Posted to commits@spark.apache.org by do...@apache.org on 2020/01/18 08:18:47 UTC
[spark] branch master updated: [SPARK-30539][PYTHON][SQL] Add
DataFrame.tail in PySpark
This is an automated email from the ASF dual-hosted git repository.
dongjoon pushed a commit to branch master
in repository https://gitbox.apache.org/repos/asf/spark.git
The following commit(s) were added to refs/heads/master by this push:
new a6bdea3 [SPARK-30539][PYTHON][SQL] Add DataFrame.tail in PySpark
a6bdea3 is described below
commit a6bdea3ad4a5dde8a68aaf1db0d870ec36040c67
Author: HyukjinKwon <gu...@apache.org>
AuthorDate: Sat Jan 18 00:18:12 2020 -0800
[SPARK-30539][PYTHON][SQL] Add DataFrame.tail in PySpark
### What changes were proposed in this pull request?
https://github.com/apache/spark/pull/26809 added `Dataset.tail` API. It should be good to have it in PySpark API as well.
### Why are the changes needed?
To support consistent APIs.
### Does this PR introduce any user-facing change?
No. It adds a new API.
### How was this patch tested?
Manually tested and doctest was added.
Closes #27251 from HyukjinKwon/SPARK-30539.

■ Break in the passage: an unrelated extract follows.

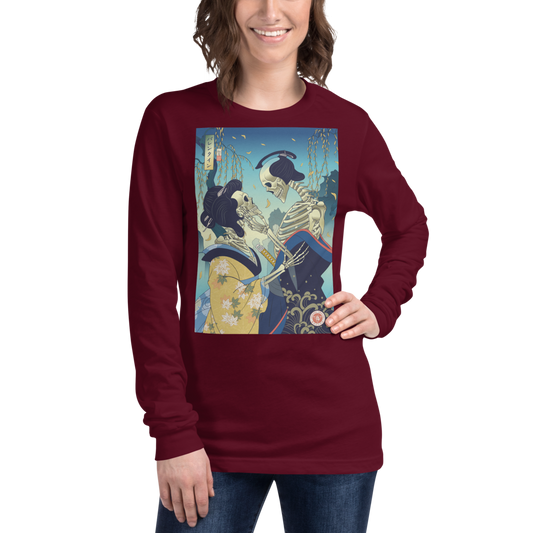 Skeleton Samurai & Geisha Gift For Valentine Unisex Long Sleeve Tee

Authored-by: HyukjinKwon <gu...@apache.org>
Signed-off-by: Dongjoon Hyun <dh...@apple.com>
---
python/pyspark/sql/dataframe.py | 16 ++++++++++++++++
.../src/main/scala/org/apache/spark/sql/Dataset.scala | 10 ++++++++++
2 files changed, 26 insertions(+)
diff --git a/python/pyspark/sql/dataframe.py b/python/pyspark/sql/dataframe.py
index 669de26..2432b81 100644
--- a/python/pyspark/sql/dataframe.py
+++ b/python/pyspark/sql/dataframe.py
@@ -605,6 +605,22 @@ class DataFrame(PandasMapOpsMixin, PandasConversionMixin):
"""
return self.limit(num).collect()
+ @ignore_unicode_prefix
+ @since(3.0)
+ def tail(self, num):
+ """
+ Returns the last ``num`` rows as a :class:`list` of :class:`Row`.
+
+ Running tail requires moving data into the application's driver process, and doing so with
+ a very large ``num`` can crash the driver process with OutOfMemoryError.
+
+ >>> df.tail(1)
+ [Row(age=5, name=u'Bob')]
+ """
+ with SCCallSiteSync(self._sc):
+ sock_info = self._jdf.tailToPython(num)
+ return list(_load_from_socket(sock_info, BatchedSerializer(PickleSerializer())))
+
@since(1.3)
def foreach(self, f):
"""Applies the ``f`` function to all :class:`Row` of this :class:`DataFrame`.
diff --git a/sql/core/src/main/scala/org/apache/spark/sql/Dataset.scala b/sql/core/src/main/scala/org/apache/spark/sql/Dataset.scala
index dd3d0f5..0eb1a26 100644
--- a/sql/core/src/main/scala/org/apache/spark/sql/Dataset.scala
+++ b/sql/core/src/main/scala/org/apache/spark/sql/Dataset.scala
@@ -3331,6 +3331,16 @@ class Dataset[T] private[sql](
}
}
+ private[sql] def tailToPython(n: Int): Array[Any] = {
+ EvaluatePython.registerPicklers()
+ withAction("tailToPython", queryExecution) { plan =>
+ val toJava: (Any) => Any = EvaluatePython.toJava(_, schema)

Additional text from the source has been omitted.